● Stored data:
++++++

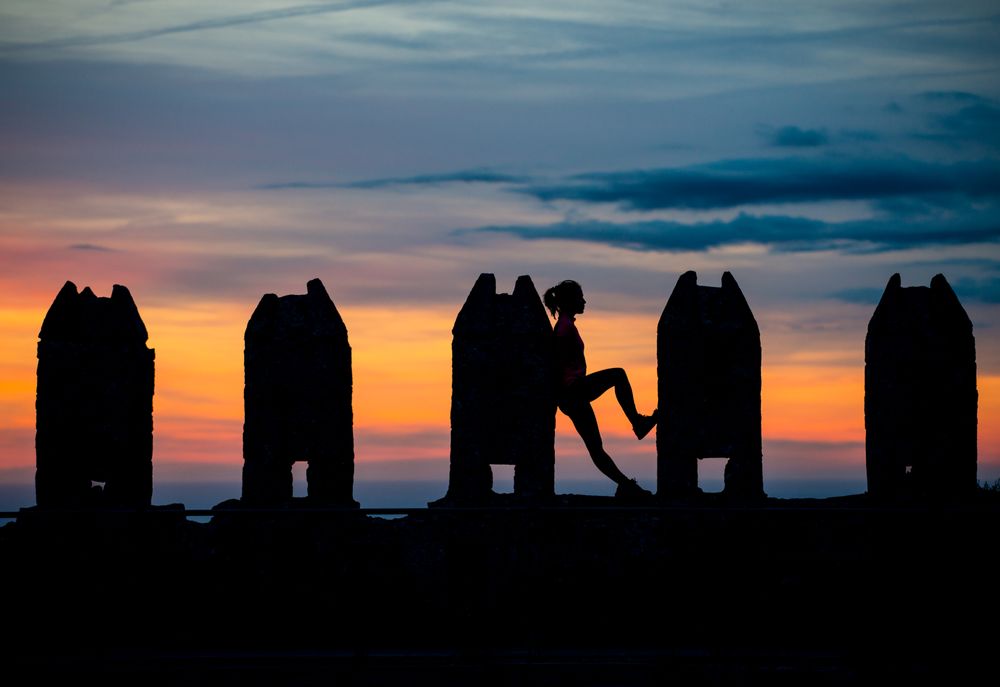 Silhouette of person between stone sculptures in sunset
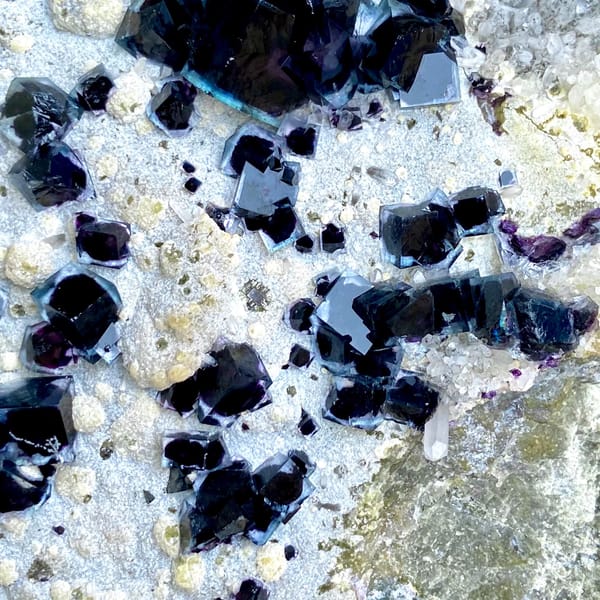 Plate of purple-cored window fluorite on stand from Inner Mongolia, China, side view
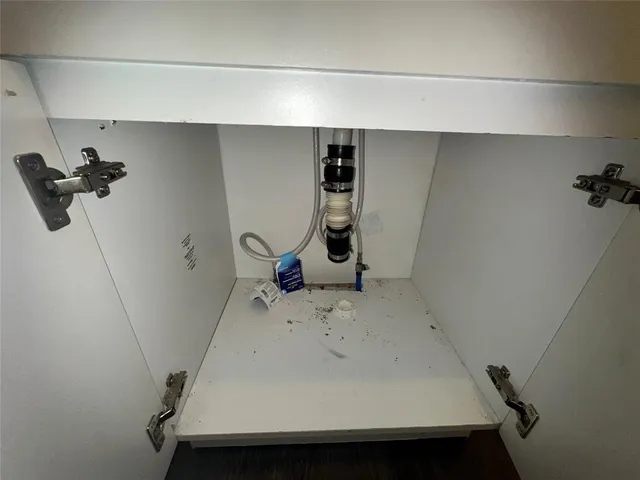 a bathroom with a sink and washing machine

++++++

● Task instructions: Line by line, reproduce the material above exactly, leaving each picture out.

● Finished task:
 Silhouette of person between stone sculptures in sunset
 Plate of purple-cored window fluorite on stand from Inner Mongolia, China, side view
 a bathroom with a sink and washing machine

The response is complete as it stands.